🤖 AI Summary
This study addresses the underrepresentation of Middle Eastern Arabic-speaking populations in AI trust research, which has predominantly relied on WEIRD (Western, Educated, Industrialized, Rich, Democratic) samples, thereby limiting the global equity of AI adoption. Conducting surveys across four universities in Saudi Arabia, Kuwait, and Jordan, this work presents the first systematic investigation of AI trust among computer science students in the region and adapts existing trust assessment frameworks to non-WEIRD contexts. Findings reveal that language fluency significantly predicts AI trust levels; female students in Saudi Arabia exhibit notably lower trust in AI than their male counterparts—a gender gap absent in other surveyed countries—and higher English proficiency correlates negatively with students’ confidence in their own abilities. These results underscore the critical role of cultural and linguistic factors in shaping AI trust and offer empirical grounding for culturally responsive AI design.
📝 Abstract
Background and Context: Artificial intelligence (AI) tools have been reshaping computing and computer science education. Trust in AI is a determining factor in the adoption of these tools. Recent studies have shown different trust factors across gender and first-generation status among students. However, these studies have focused mainly on Western, Educated, Industrialized, Rich, and Democratic (WEIRD) populations, and their generalizability to other populations with different languages and cultures is unclear.
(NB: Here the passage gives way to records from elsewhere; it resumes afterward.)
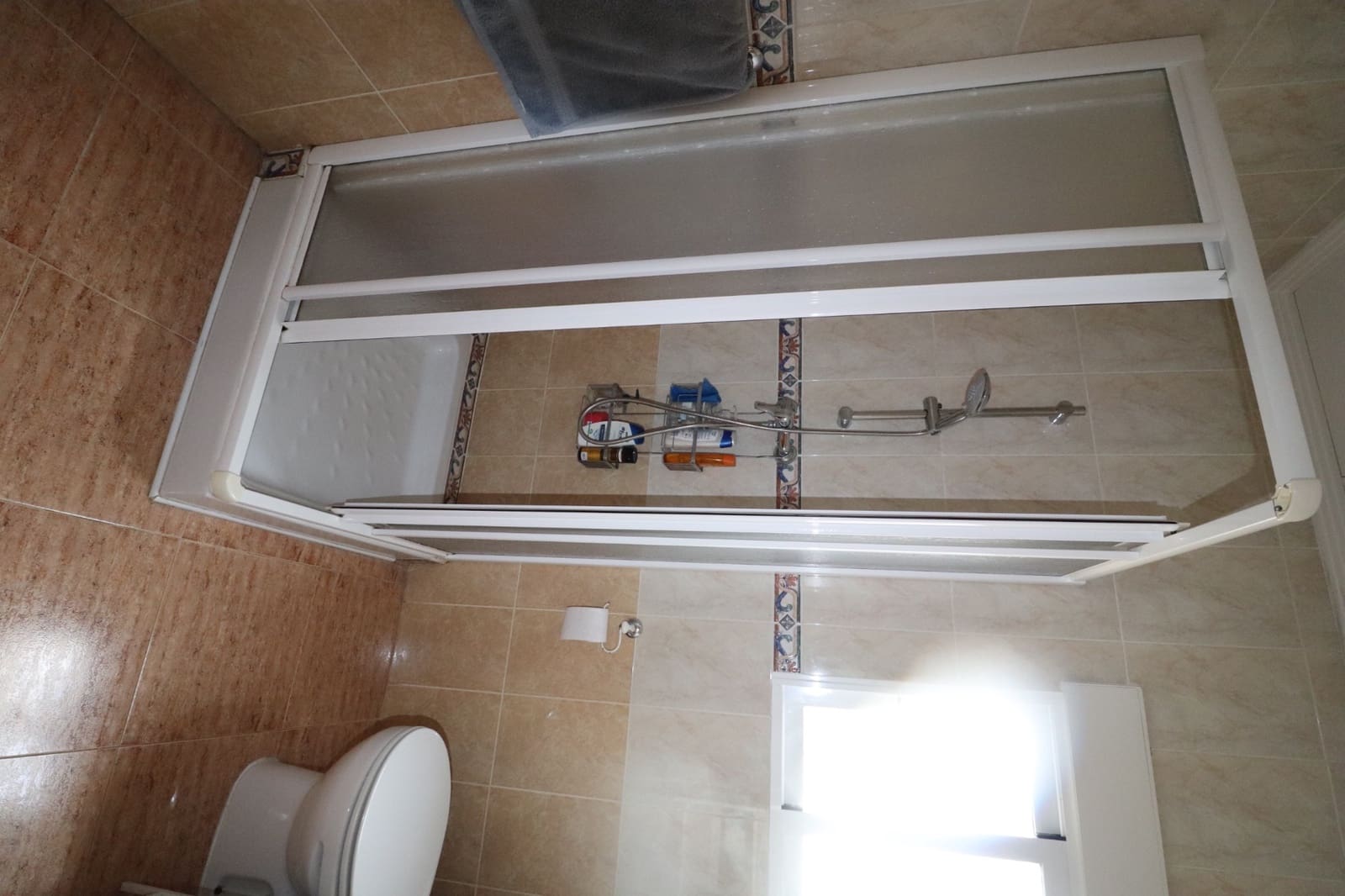 2 bedroom Villa for sale in Fortuna with pool garage - € 198,000 (Ref: 9371331)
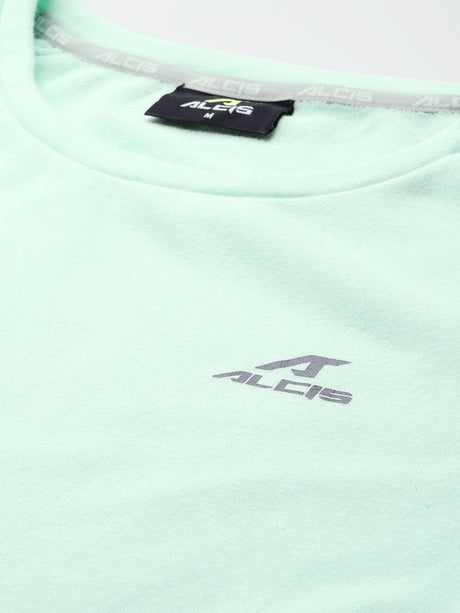 ALCIS WOMEN SWEAT 1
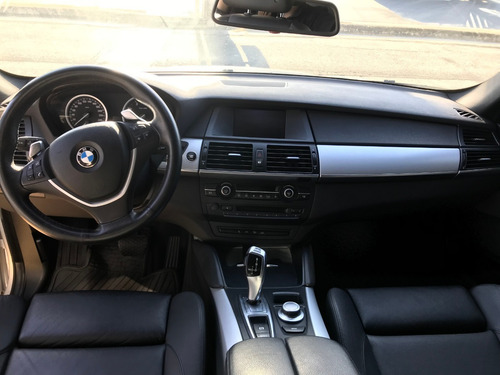 Imagen 5 de 8 de Bmw X6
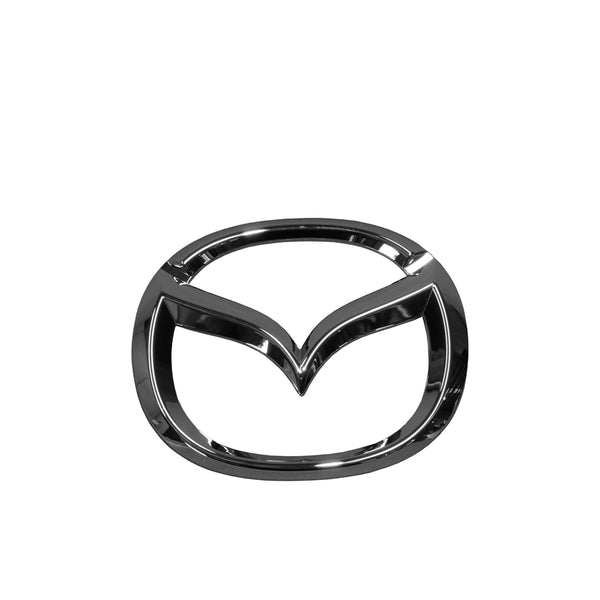 Tail Gate Emblem OEM Suits Mazda CX-9 TC 2016 to 2021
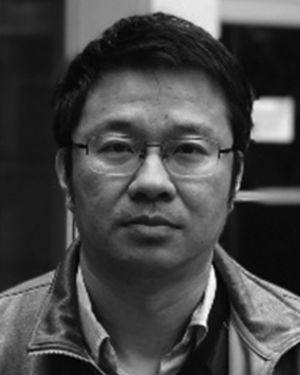 Xin Chen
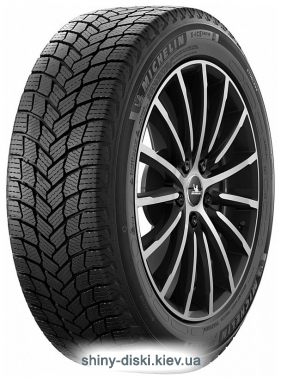 Michelin () X-Ice Snow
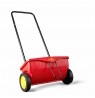 We 330 Grass and  Fertilizer Seeder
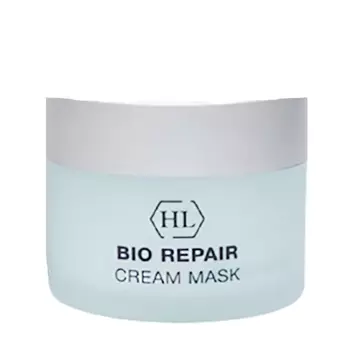 HOLY LAND Маска питательная восстанавливающая для лица / Bio Repair Cream Mask 50 мл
Objective: This study aims to evaluate trust in AI among Middle Eastern computer science students and the factors that can impact it.
Method. We replicate a recent study of trust in four universities in three Middle Eastern, Arabic-speaking countries: Saudi Arabia, Kuwait, and Jordan. We analyze trust among students across different factors such as gender and first-generation status.
Findings: Our results suggest that language fluency can predict trust in AI. Moreover, unlike the results from the US population where female students tended to trust AI more than their male peers, female students in Saudi Arabia indicated lower trust compared to their male counterparts, and we did not observe any noticeable differences across gender in the other countries. We also found a generally negative correlation between English language proficiency and students' confidence.
Implications: This study highlights differences in students' adoption and trust in AI even within the same region. It emphasizes the need for more investigation into students' adoption and interaction in non-WEIRD regions for equitable adoption of this technology. It also suggests a need for efforts in designing effective AI systems tailored to the cultural and linguistic needs of the region.